Exercise brief | Excluding images, repeat the data exactly as given.

Dataset content |
──────────

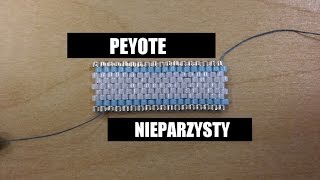 Płaski peyote nieparzysty [TUTORIAL] | Qrkoko.pl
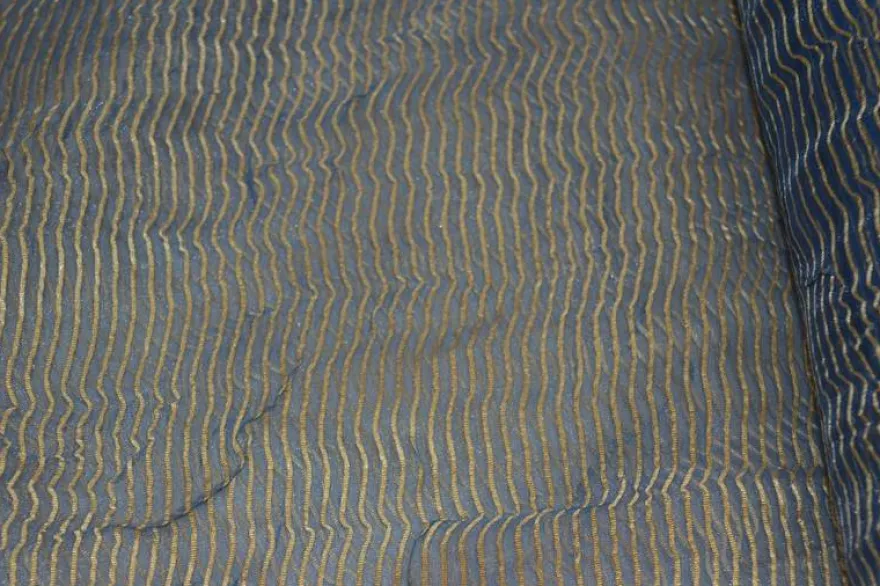 ORGANZA BLU RIGHINO ORO
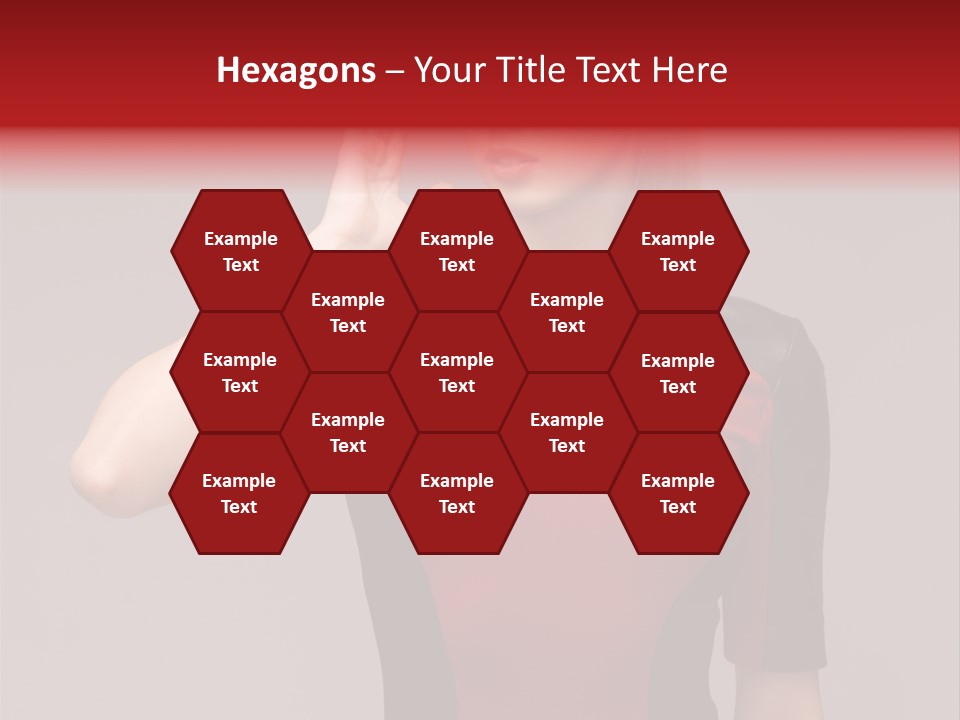 Babe Young Charming PowerPoint Template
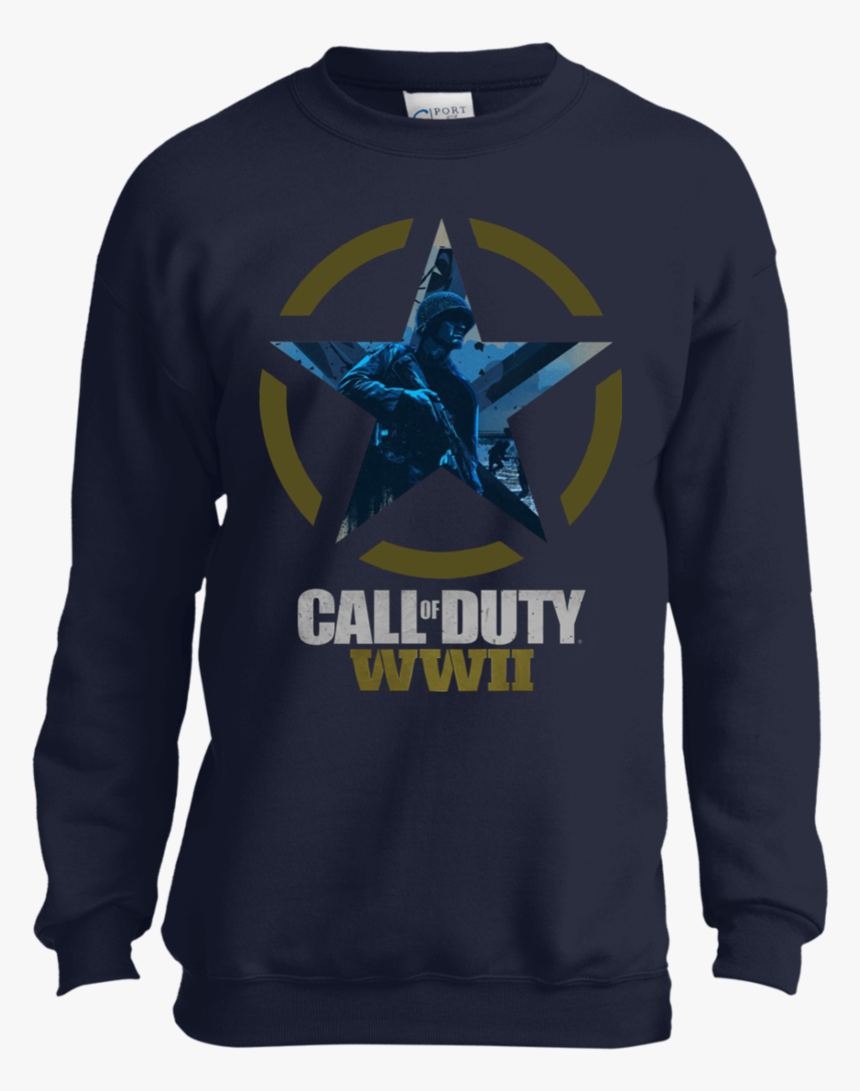 Call Of Duty Wwii Beach Front Line Youth Pc90y Port - Sweater, HD Png Download, Free Download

──────────

Exercise solution |
 Płaski peyote nieparzysty [TUTORIAL] | Qrkoko.pl
 ORGANZA BLU RIGHINO ORO
 Babe Young Charming PowerPoint Template
 Call Of Duty Wwii Beach Front Line Youth Pc90y Port - Sweater, HD Png Download, Free Download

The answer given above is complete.